Sheppard was born in Waynesboro, Virginia on March 8, 1865, to William Henry Sheppard, Sr. and Fannie Frances Sheppard (née Martin), a free "dark mulatto", a month before the end of the American Civil War. No records exist to confirm William Sr.'s status as a slave or freedman, but it has been speculated that he may have been among the slaves forced to serve the Confederacy as Union troops marched upon the South. William Sr. was a barber, and the family has been described as the closest to middle class that blacks could have achieved given the time and place. At age twelve, William Jr. became a stable boy for a white family several miles away while continuing to attend school; he remembered his two-year stay fondly and maintained written correspondence with the family for many years. Sheppard next worked as a waiter to put himself through the newly created Hampton Institute, where Booker T. Washington was among his instructors in a program that allowed students to work during the day and attend classes at night. A significant influence on his appreciation for native cultures was the "Curiosity Room", in which the school's founder maintained a collection of Native Hawaiian and Native American works of art. Later in life he would collect artifacts from the Congo, specifically those of the Kuba, and bring them back for this room, as evidenced by his letters home, such as "t was on the first of September, 1890 that William H. Sheppard addressed a letter to General Samuel Armstrong, Hampton, From Stanley Pool, Africa, that he had many artifacts, spears, idols, etc., and he was '...saving them for the Curiosity Room at Hampton'".
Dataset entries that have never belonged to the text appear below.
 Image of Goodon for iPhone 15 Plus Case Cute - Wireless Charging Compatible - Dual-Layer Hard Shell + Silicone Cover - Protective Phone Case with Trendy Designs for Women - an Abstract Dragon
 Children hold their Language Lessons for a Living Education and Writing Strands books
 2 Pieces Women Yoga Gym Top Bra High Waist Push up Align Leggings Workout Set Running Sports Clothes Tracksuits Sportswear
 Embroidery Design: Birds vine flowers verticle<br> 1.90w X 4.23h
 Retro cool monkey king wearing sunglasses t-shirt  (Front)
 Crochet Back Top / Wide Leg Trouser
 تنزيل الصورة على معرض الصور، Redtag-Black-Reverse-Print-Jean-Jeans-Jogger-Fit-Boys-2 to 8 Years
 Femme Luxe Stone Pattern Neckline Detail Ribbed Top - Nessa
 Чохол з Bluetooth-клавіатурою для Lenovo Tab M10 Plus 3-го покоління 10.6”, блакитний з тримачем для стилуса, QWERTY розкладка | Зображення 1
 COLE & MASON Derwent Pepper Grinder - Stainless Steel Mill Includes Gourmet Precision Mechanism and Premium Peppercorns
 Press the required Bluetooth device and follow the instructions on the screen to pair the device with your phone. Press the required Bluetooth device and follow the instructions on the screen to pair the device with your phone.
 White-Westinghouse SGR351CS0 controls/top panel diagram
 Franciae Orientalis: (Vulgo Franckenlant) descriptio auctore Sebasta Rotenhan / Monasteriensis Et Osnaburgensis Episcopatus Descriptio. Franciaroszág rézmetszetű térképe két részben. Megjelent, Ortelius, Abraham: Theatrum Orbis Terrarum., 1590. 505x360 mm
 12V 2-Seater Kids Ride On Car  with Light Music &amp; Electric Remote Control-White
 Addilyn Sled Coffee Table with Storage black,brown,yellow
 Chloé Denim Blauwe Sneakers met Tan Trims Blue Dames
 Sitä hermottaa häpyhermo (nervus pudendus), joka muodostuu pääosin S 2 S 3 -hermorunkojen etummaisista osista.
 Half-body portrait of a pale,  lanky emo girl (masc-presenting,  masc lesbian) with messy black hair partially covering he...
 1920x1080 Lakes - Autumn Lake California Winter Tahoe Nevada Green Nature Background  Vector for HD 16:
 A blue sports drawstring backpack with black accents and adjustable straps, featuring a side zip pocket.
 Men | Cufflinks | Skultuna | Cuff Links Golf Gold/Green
After graduation, Sheppard was recommended to Tuscaloosa Theological Institute (now Stillman College, which dedicated its library in Sheppard's honor in 1959) in Alabama. He met Lucy Gantt near the end of his time there and the two became engaged, although they would not marry for ten years. Sheppard cultivated a desire to preach in Africa, but despite the support of Tuscaloosa founder Charles Stillman, the Southern Presbyterian Church had yet to establish its mission in the Congo. He was ordained in 1888 and served as pastor to a church in Atlanta, Georgia, but did not adapt well to the life of an urban black in a heavily segregated area of the Southern United States. After two years of writing to the Presbyterian Foreign Missionary Board in Baltimore, Maryland to inquire about starting a mission in Africa, he became frustrated by the vague rationale of the rejection letters and took a train to Baltimore to ask the chairman in person. The man politely informed Sheppard that the board would not send a black man without a white supervisor.

Samuel Lapsley, an eager but inexperienced white man from a wealthy family, finally enabled Sheppard's journey to Africa. They "inaugurated the unique principle of sending out together, with equal ecclesiastical rights and, as far as possible, in equal numbers, white and colored workers".